**Task goal**
Please repeat exactly the lines below from the line with "Ruby on Rails 7" to the line with "This is how", including both, and leave out every picture.

Top of Data for analysis

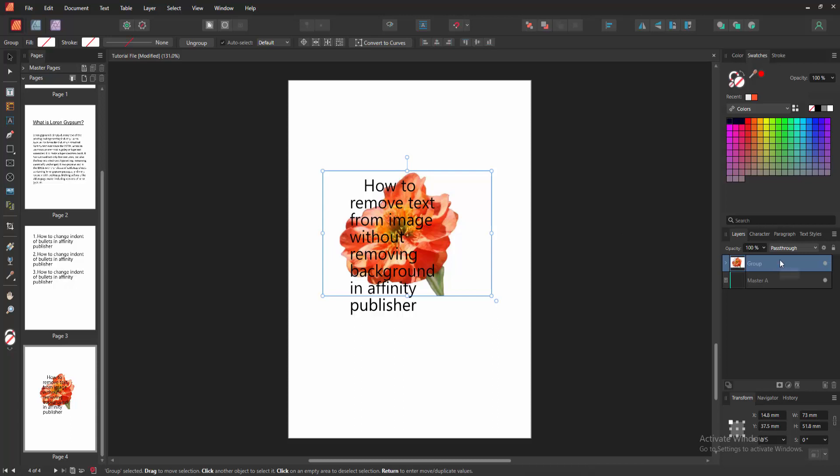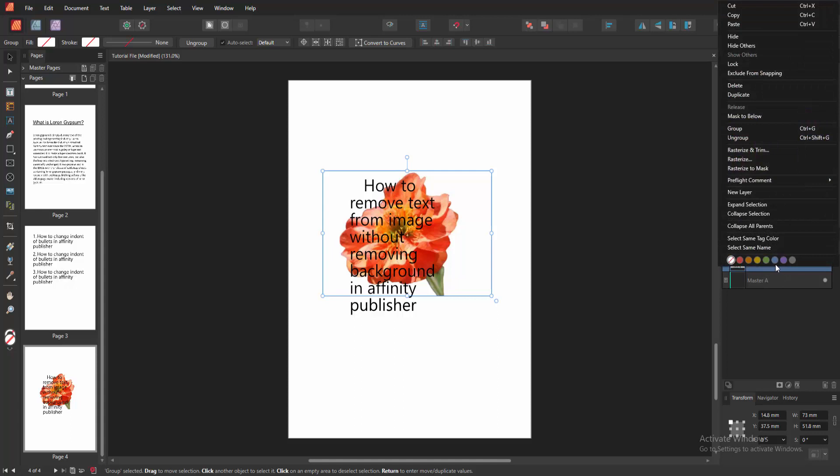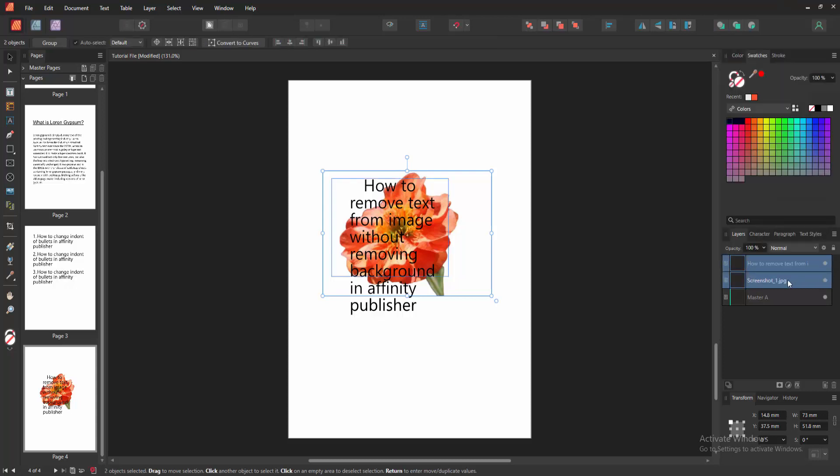Go to the Layer section and then click this layer. Now we can see this layer is grouped. Then click right button on our mouse and find the ungroup option. Otherwise, press Ctrl-Shift-G on our keyboard.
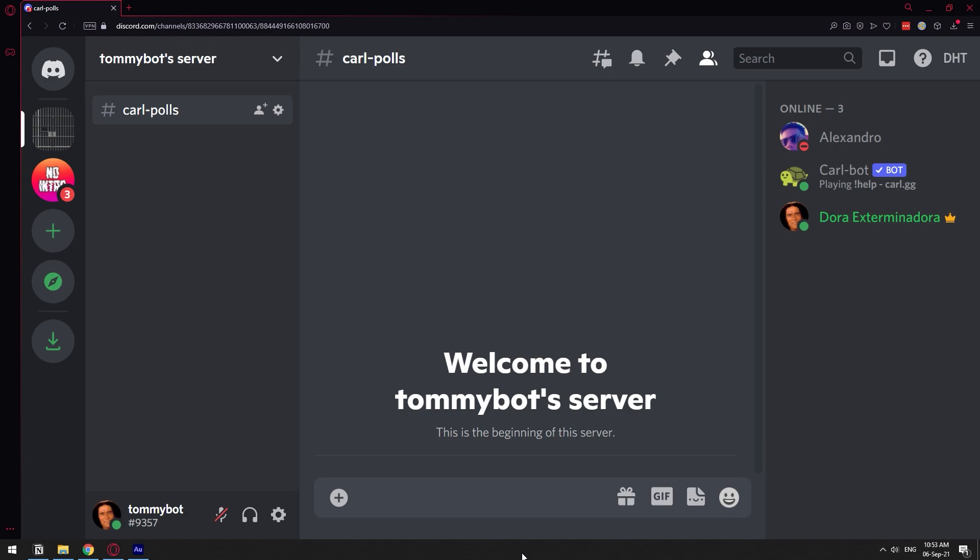Basically, this is making polls with the CoralBot, so I'm going to assume that you already have the CoralBot on your server. And if you don't, I'm going to leave the link of the bot in the description. Just go to their site and invite it to your server. So I do have the bot right here on the right, as you can see it.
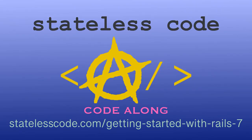Ruby on Rails 7 is out. Code along on a guided journey through the Rails 7 getting started guide and beyond with test driven development. There has never been a better time to learn Ruby on Rails. Hit the ground running with the newest version. Go to statelesscode.com slash getting started with Rails 7 to level up.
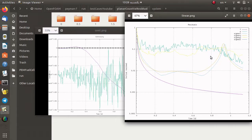Hello everyone. In today's video we will learn how we can plot the residuals of variables in OpenFOAM. We will introduce three different ways. In the first way we will use the standard residual function and define it in the controlDict of the system directory. In the second way we will use the pyFoam plotRunner, and finally we can also evaluate a log file by pyFoam plotWatcher or even using a gnuplot code to extract data from this log file.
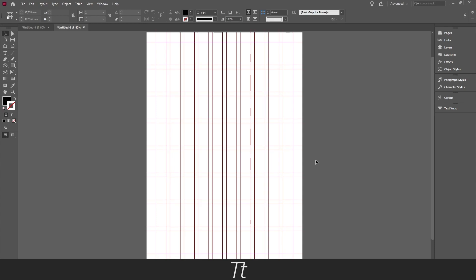So yeah that is how to actually set up a grid or guides in InDesign. Thank you so much for watching. I hope this video was helpful. Don't forget to subscribe and like the video. That was all for now. See you in the next one.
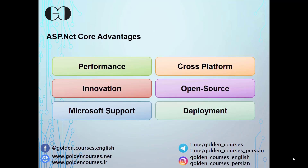Next, let's talk about ASP.NET Core advantages. Performance-wise, it is really faster than some famous frameworks such as Node.js. ASP.NET Core can process 7.33 million requests per second.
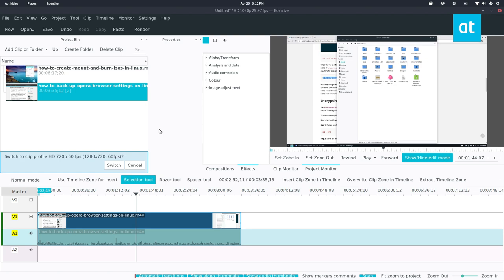So I hope this video was helpful, especially for those of you who take frames the old fashioned way. Like you pause your video, you press the print screen button. This is much easier. It directly extracts the frame from the video file. So anyways, guys, I hope you enjoyed this video and I will see you in the next one.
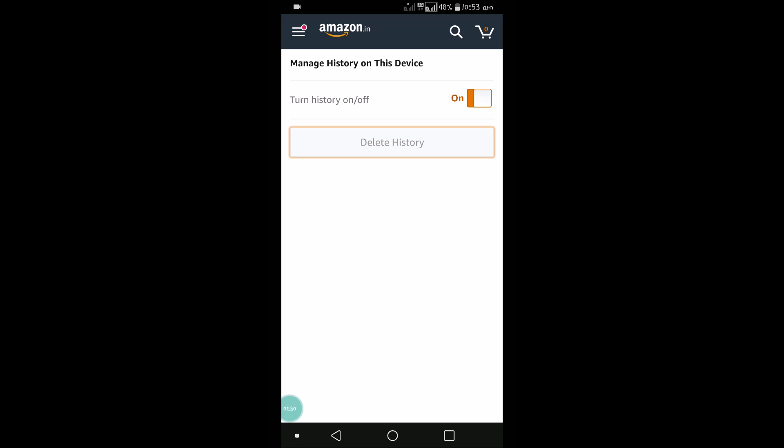This is how you can delete your previous search history on the Amazon application. I hope you liked this. Thanks for watching and have a nice day.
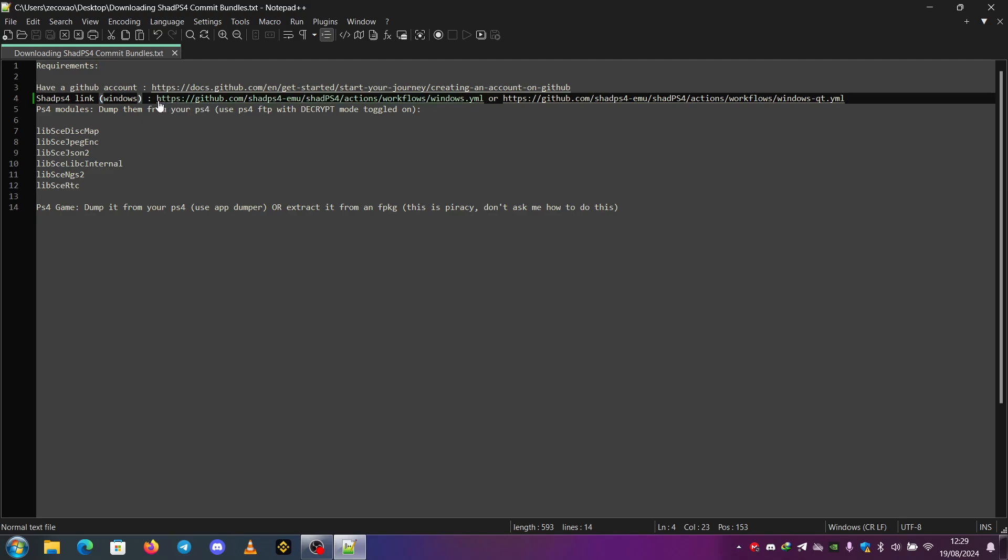So if you choose this one, it will be the normal Windows release. And if you choose this one, it will be the Qt release. I prefer always the Qt release.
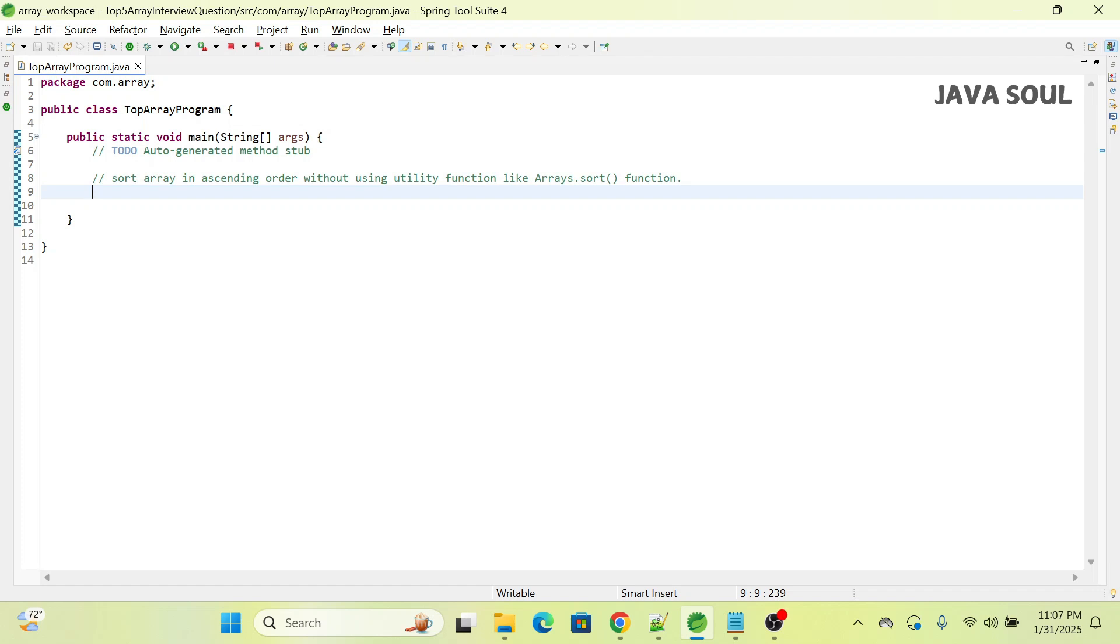Hi all, welcome to my channel Java Soul. In today's video, we're going to explore how to sort an array in ascending order without using utility functions like Arrays.sort.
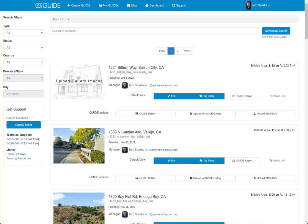Hey everybody, Tom Sparks with Sparks Media Group. In the previous video we stitched together a 3D virtual tour using the iGuide PlanX Pro, and now we're going to upload that data file to iGuide for processing.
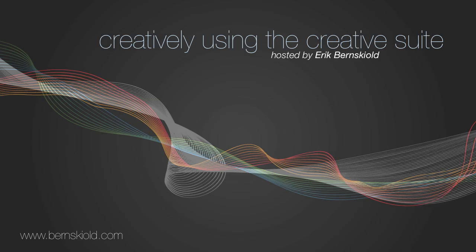Welcome to Creatively Using the Creative Suite. Here's your host, Eric Burnskild.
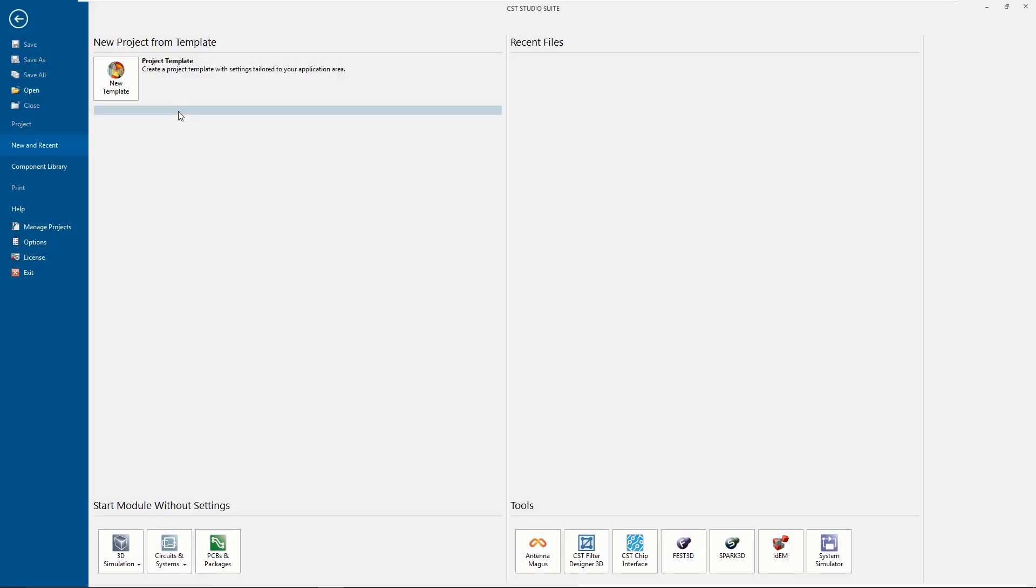Hi everyone, welcome to the Frequency Domain. In this video we are going to use CST software to simulate our Microstrip Step Impedance filter.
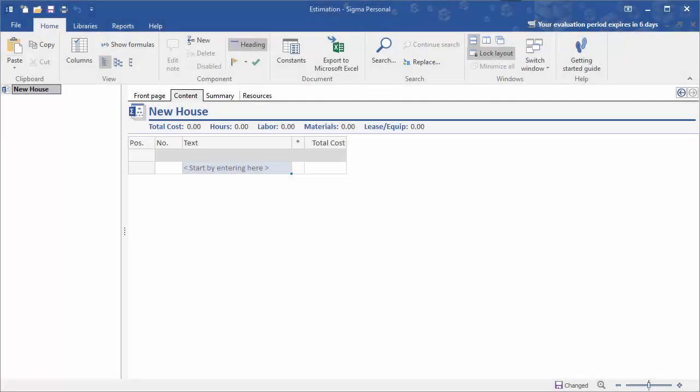After you've created a new estimate in SIGMA and clicked on the content page, you should see a screen similar to this. I've named my project New House.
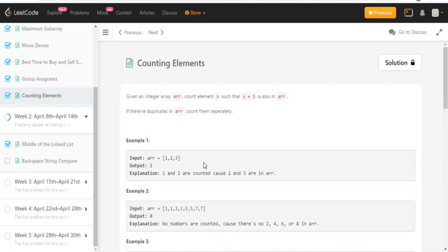That's pretty much it. The next question is middle of the linked list and I already did that question, so I'll just add that to the playlist. Please like, comment, subscribe. I'll check you guys later.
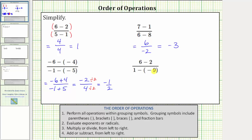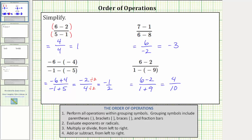In our last example, let's rewrite the denominator as a sum. One minus negative nine is equivalent to one plus positive nine. So the given expression equals the quantity six minus two divided by the quantity one plus nine. In the numerator, six minus two is equal to four. In the denominator, one plus nine is ten. Four tenths simplifies because four and ten share a common factor of two. Dividing the numerator and denominator by two gives us four divided by two equals two, and ten divided by two equals five. The given expression simplifies to two fifths.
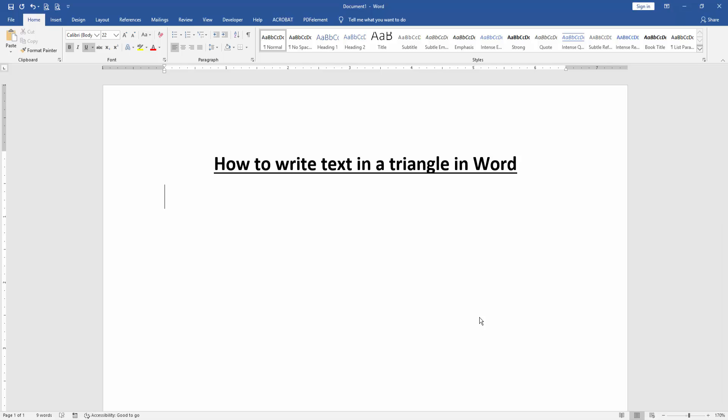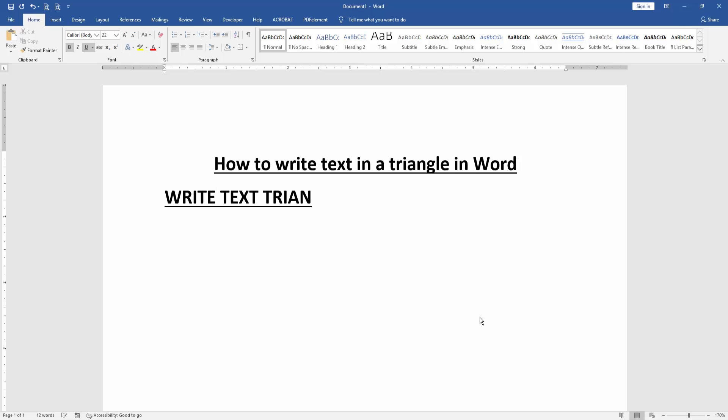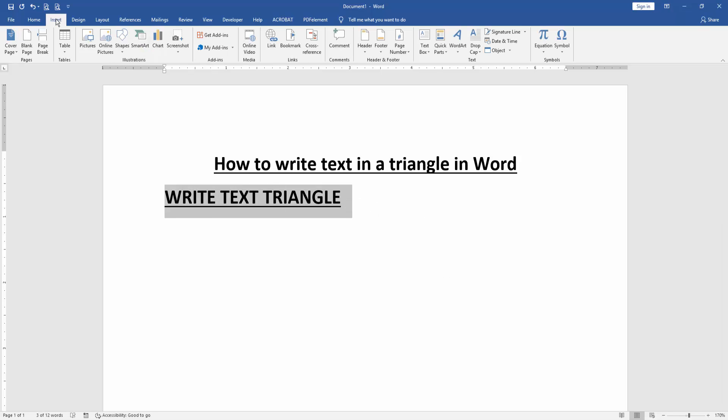Now you want to write text in triangle shape in this document. Firstly, write something in this document, then select the text by clicking and dragging your mouse. Then go to the Insert menu, click the WordArt drop-down menu, and choose any WordArt.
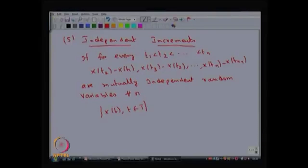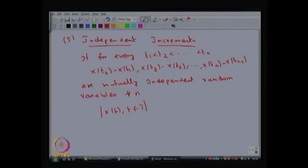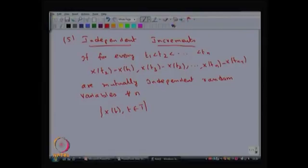Whenever you take time points t1, t2, ..., tn, the increments x(t2) - x(t1) and so on up to x(tn) - x(t(n-1)) are each a random variable. You have n such random variables, and if these n random variables are mutually independent for all n and this property is satisfied, then you can conclude the corresponding stochastic process has the property of independent increments.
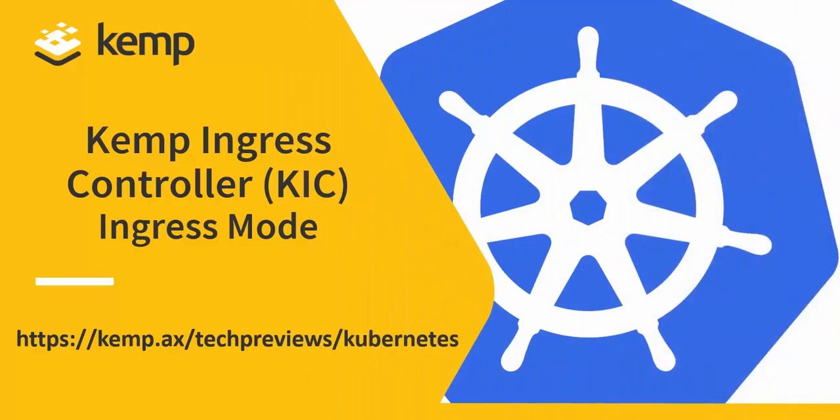Hello and welcome to this introduction of the Kemp Ingress Controller for Kubernetes. The Kemp Ingress Controller is now part of the technical preview program and can be deployed in two different modes: service mode or ingress mode.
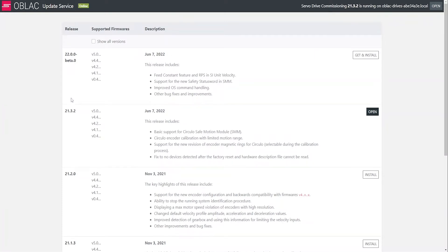On the left side, you will see the version number, and then next to it, the compatible servo drive firmware list, and then next with a brief description.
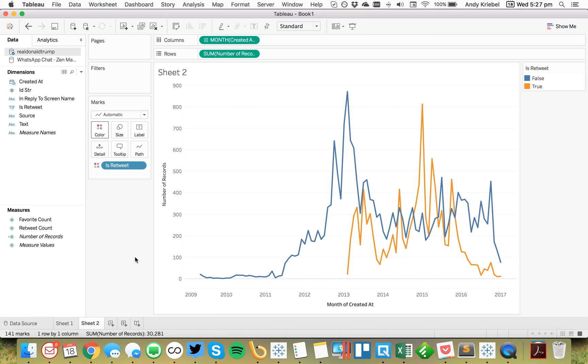So two simple examples of how the new date parse function works in Tableau 10.2. Hope you enjoyed it. Good luck.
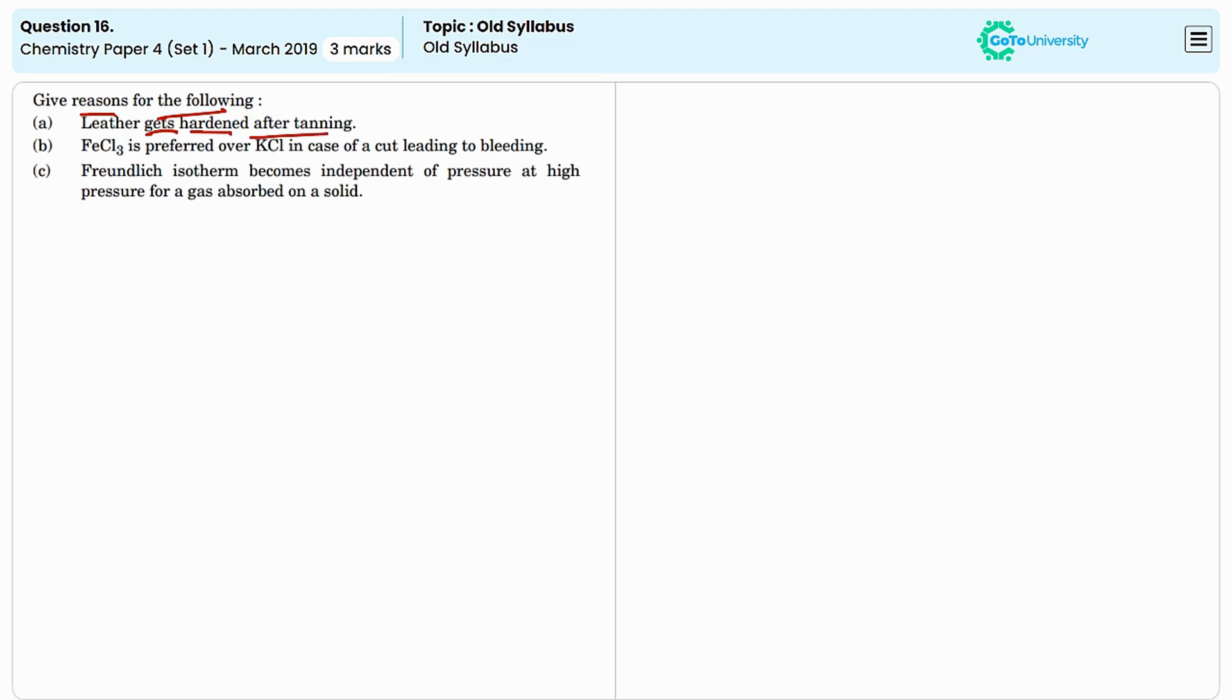This is due to the chemical cross-linking that occurs during the tanning process. Tanning agents such as chromium salt or plant tannins form strong chemical bonds within the collagen fibers in the raw animal hide.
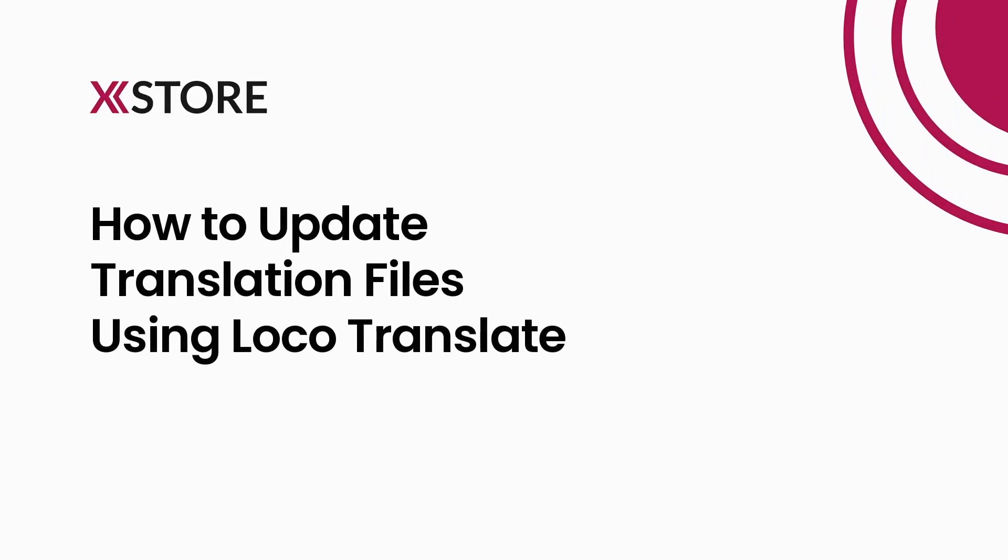Hi there! In this video, we will demonstrate how to update the translation files using the LocoTranslate plugin.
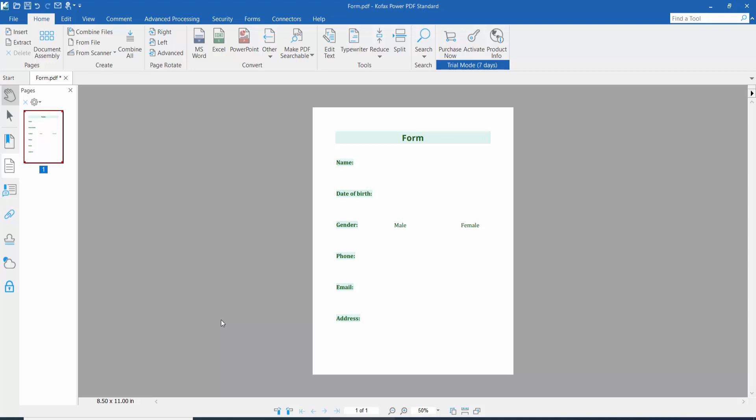Hello everyone, today I will show you how to add multiple checkboxes in PDF using Foxit Power PDF. Firstly, open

Bottom of Data for analysis

**Finished task**
Ruby on Rails 7 is out. Code along on a guided journey through the Rails 7 getting started guide and beyond with test driven development. There has never been a better time to learn Ruby on Rails. Hit the ground running with the newest version. Go to statelesscode.com slash getting started with Rails 7 to level up.
Hello everyone. In today's video we will learn how we can plot the residuals of variables in OpenFOAM. We will introduce three different ways. In the first way we will use the standard residual function and define it in the controlDict of the system directory. In the second way we will use the pyFoam plotRunner, and finally we can also evaluate a log file by pyFoam plotWatcher or even using a gnuplot code to extract data from this log file.
So yeah that is how to actually set up a grid or guides in InDesign. Thank you so much for watching. I hope this video was helpful. Don't forget to subscribe and like the video. That was all for now. See you in the next one.
Next, let's talk about ASP.NET Core advantages. Performance-wise, it is really faster than some famous frameworks such as Node.js. ASP.NET Core can process 7.33 million requests per second.
So I hope this video was helpful, especially for those of you who take frames the old fashioned way. Like you pause your video, you press the print screen button. This is much easier. It directly extracts the frame from the video file. So anyways, guys, I hope you enjoyed this video and I will see you in the next one.
This is how you can delete your previous search history on the Amazon application. I hope you liked this. Thanks for watching and have a nice day.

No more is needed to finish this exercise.